Żaglowiec "Fryderyk Chopin" dokończy przerwany rejs
W najbliższą sobotę wypłyną ze Szczecina w rejs uczniowie zeszłorocznej "Szkoły pod żaglami", których podróż przerwał sztorm, łamiąc oba maszty żaglowca.
12.09.2011 | aktual.: 12.09.2011 16:04
Projekt "Dookoła Świata za Pomocną Dłoń" to inicjatywa Fundacji Szkoła Pod Żaglami Krzysztofa Baranowskiego. Uczniowie II klas gimnazjum, którzy w czasie roku szkolnego 2011/2012 będą angażować się w działalność wolontariacką, po przejściu eliminacji finałowych nagrodzeni zostaną rejsem na pokładzie żaglowca "Fryderyk Chopin" w 2012 r.
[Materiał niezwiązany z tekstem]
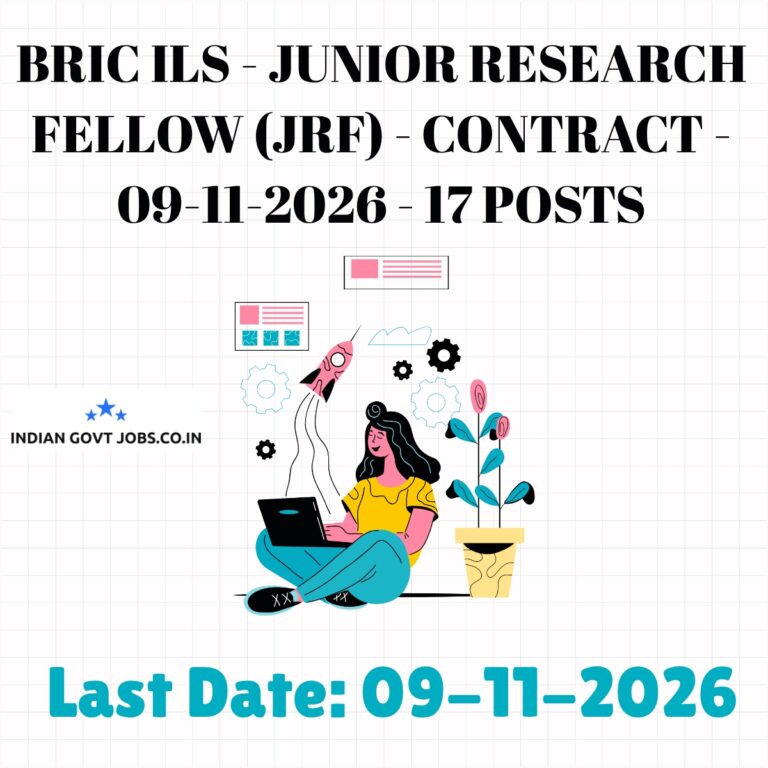 BRIC ILS Junior Research Fellow (JRF) Recruitment 2026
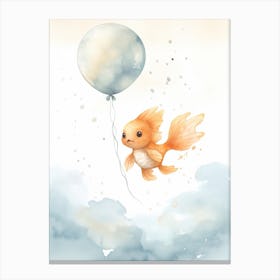 Baby Fish Flying With Ballons, Watercolour Nursery Art 3 Canvas Print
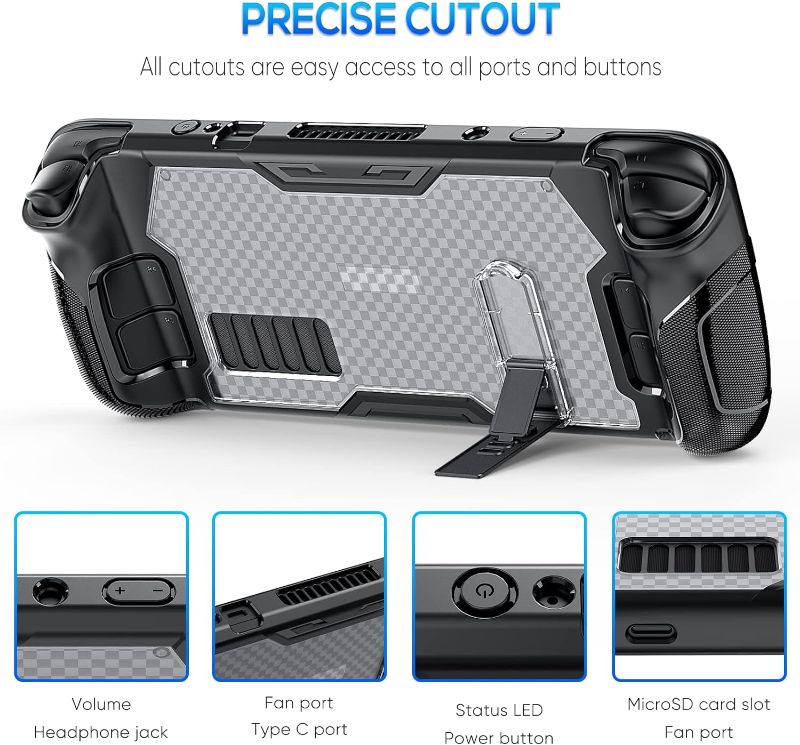 Photo 1 of 
Upgraded Protective Case with Kickstand for Steam Deck, PC+TPU Protector Cover Case for Steam Deck Accessories Kits with Kick Stand, Screen Protector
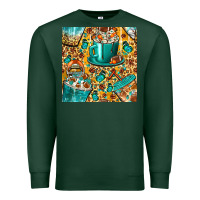Sports Green american football coffee cups with butterfly and leopard seamless patt Premium Sweatshirt - BundleAndBundleShop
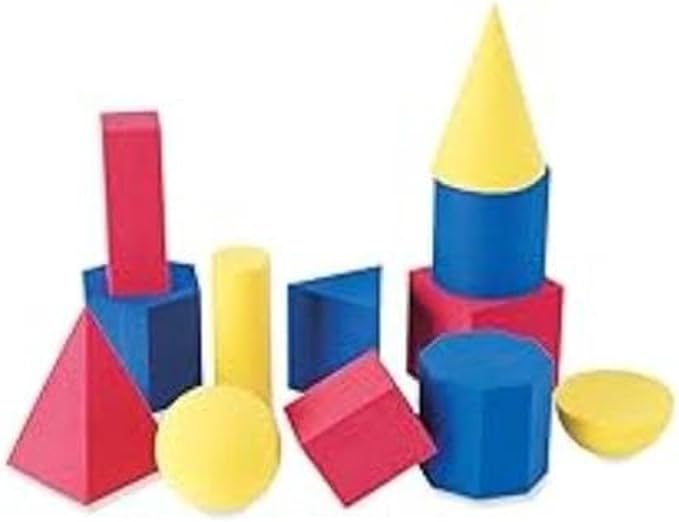 Learning Resources Hands-On Soft Geosolids, Soft Foam 3D Shapes, Set of 12, Ages 5+ (LER6120)
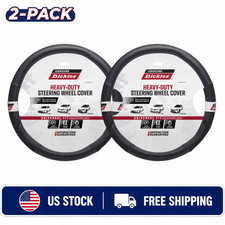 2 Pack Genuine Dickies Carbon Fiber Dura Grip Black Steering Wheel Cover picture
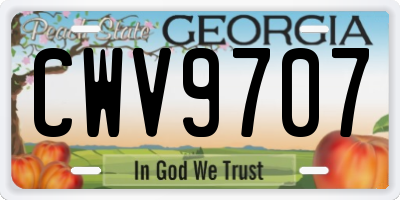 GA license plate CWV9707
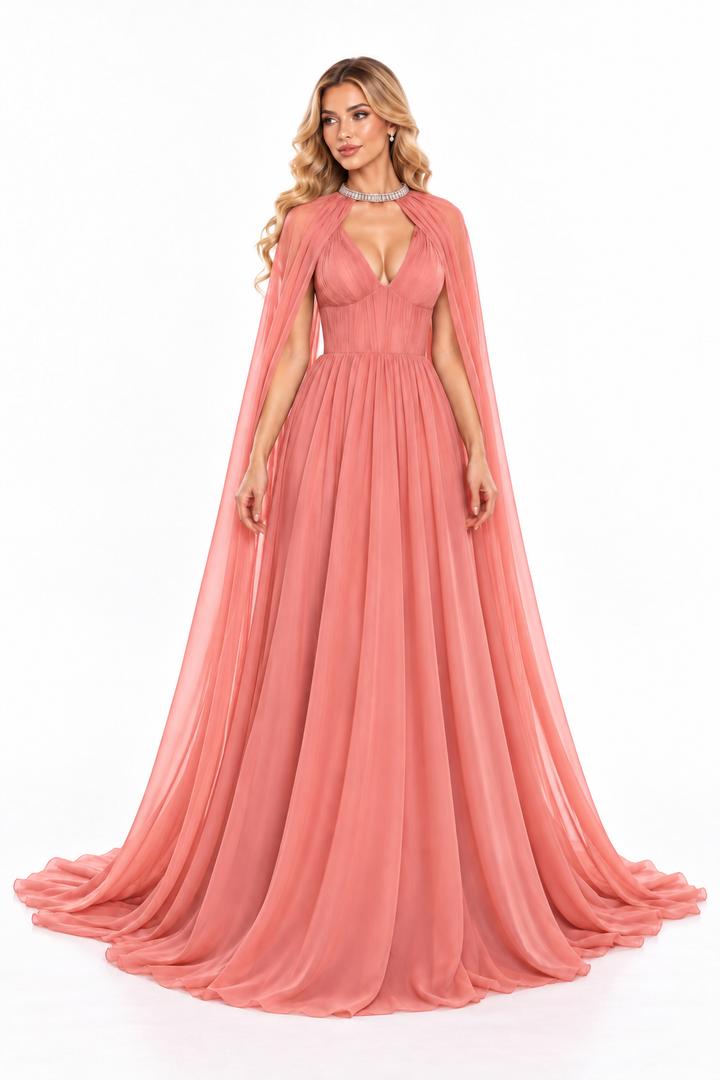 Pleated V-Neck Cape Gown - Rosewood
17 września ze szczecińskiego portu wyruszy na Martynikę grupa młodzieży z poprzedniej edycji "Szkoły pod Żaglami". 29 października 2010 r. rejs został przerwany przez potężny sztorm, który złamał oba maszty żaglowca. W czerwcu "Fryderyk Chopin" został wykupiony od poprzedniego armatora przez firmę 3Oceans, która przeprowadziła remont żaglowca i zgodziła się udostępnić go "Szkole pod Żaglami" na trzy miesiące nie pobierając opłat czarterowych. Koszty paliwa, wyżywienia i opłat portowych wzięła na siebie Fundacja.
- Nie jest łatwo, płyniemy trochę w ciemno, na razie mamy środki tylko na kupno paliwa w Szczecinie, a nie wiemy za co zatankujemy na Wyspach Kanaryjskich - powiedział prezes Fundacji, kpt. Baranowski.
Współorganizatorzy akcji "Dookoła Świata za Pomocną Dłoń", Caritas i Związek Harcerstwa Polskiego, pomagają uczestnikom znaleźć pole do aktywności wolontariackiej, którą potem formalnie potwierdzają. Następnie uczniowie przechodzą eliminacje sprawnościowe, a najlepszych trzydziestu z nich kwalifikuje się na rejs oceaniczny. Dla innych gimnazjalistów Fundacja organizuje w czerwcu tzw. "rejsy pocieszenia" po Bałtyku lub Mazurach.
"Szkoła pod Żaglami" to nie tylko podróż dookoła świata. W czasie rejsu uczniowie kontynuują edukację zgodnie z programem szkolnym dla III klas gimnazjum, uczą się przez 7 dni w tygodniu, nie licząc zejść do portów. - Przy okazji mogą posmakować słonej wody i wykształcić w sobie ducha młodych rycerzy - dodał Baranowski.
Według młodych uczestników rejsu, podróż ze "Szkołą pod Żaglami" to wspaniała szkoła charakteru, a wolontariat poprzedzający rejs trwale pobudza w nich chęć pomagania innym, którą dodatkowo umacnia dojrzałość zdobyta dzięki odbytej podróży.
Według organizatorów projektu, być może za rok dzięki pomocy sponsorów w rejs wyruszą dwa żaglowce, które w drogę powrotną do Polski zabiorą młodzież polonijną.